Knowing that, their deep understanding what good by these were reserved for them, they would never be discouraged, whatever troubles should attend their profession.
“Breadth,” “length,” “depth,” and “height” are words that in themselves are both ambiguous and to wonderment: ambiguous because [they are] unexplained, and to wonderment because they carry in them an inexpressible something — and that something [is] that which far out-goes all those things that can be found in this world. The apostle here was under a spiritual surprise, for while meditating and writing, he was caught — the strength and glory of the truths that he was endeavouring to fasten upon the people to whom he wrote, took him away into their glory, beyond what could to the full be uttered. Besides, many times things are thus expressed on purpose to command attention — a stop and pause in the mind about them — and to divert, by their greatness, the heart from the world, unto which they naturally are so inclined. Also, truths are often delivered to us like wheat in full ears, to the end we should rub them out before we eat them; and take pains about them, before we have the comfort of them.
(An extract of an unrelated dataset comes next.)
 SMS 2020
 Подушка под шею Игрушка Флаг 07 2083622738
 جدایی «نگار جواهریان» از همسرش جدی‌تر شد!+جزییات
Breadth, length, depth, and height. In my attempting to open these words, I will give you some that are of the same kind. And then show you, first, the reasons of them; and then also, secondly, something of their fullness.
Those [words] of the same kind are used sometimes a) to shew us the power, force, and subtlety of the enemies of God’s Church (Dan 4:11; Rom 8:38-39), but [sometimes] b) most properly to shew us the infinite and unsearchable greatness of God (Job 11:7-9; Rom 11:33). They are here to be taken in this second sense, that is, to suggest unto us the unsearchable and infinite greatness of God — Who is a breadth beyond all breadths, a length beyond all lengths, a depth beyond all depths, and a height beyond all heights; and that in all His attributes. He is an eternal being, an everlasting being, and in that respect He is beyond all measures, whether they be of breadth, length, depth, or height. In all His attributes, He is beyond all measure: whether you measure by words, by thoughts, or by the most enlarged and exquisite apprehension. His greatness is unsearchable; His judgments are unsearchable (Job 5:9); He is infinite in wisdom. “O! the depth of the riches both of the wisdom and knowledge of God!” (Rom 11:33). “If I speak of strength, lo, he is strong” (Job 9:19); yea, “the thunder of his power who can understand?” (Job 26:14). “There is none holy as the Lord” (1Sa 2:2); and, “his mercy is from everlasting to everlasting, upon them that fear him” (Psa 103:17).
If rightly considered, the greatness of God, of the God and Father of our Lord Jesus Christ, is that which will support the spirits of those of His people that are frighted with the greatness of their adversaries — for here is a greatness against a greatness. Pharaoh was great, but God more great: more great in power, more great in wisdom, more great every way for the help of His people; wherein they dealt proudly, He was above them. These words for this people, therefore, take in the great God, Who in His immensity and infinite greatness is beyond all beings.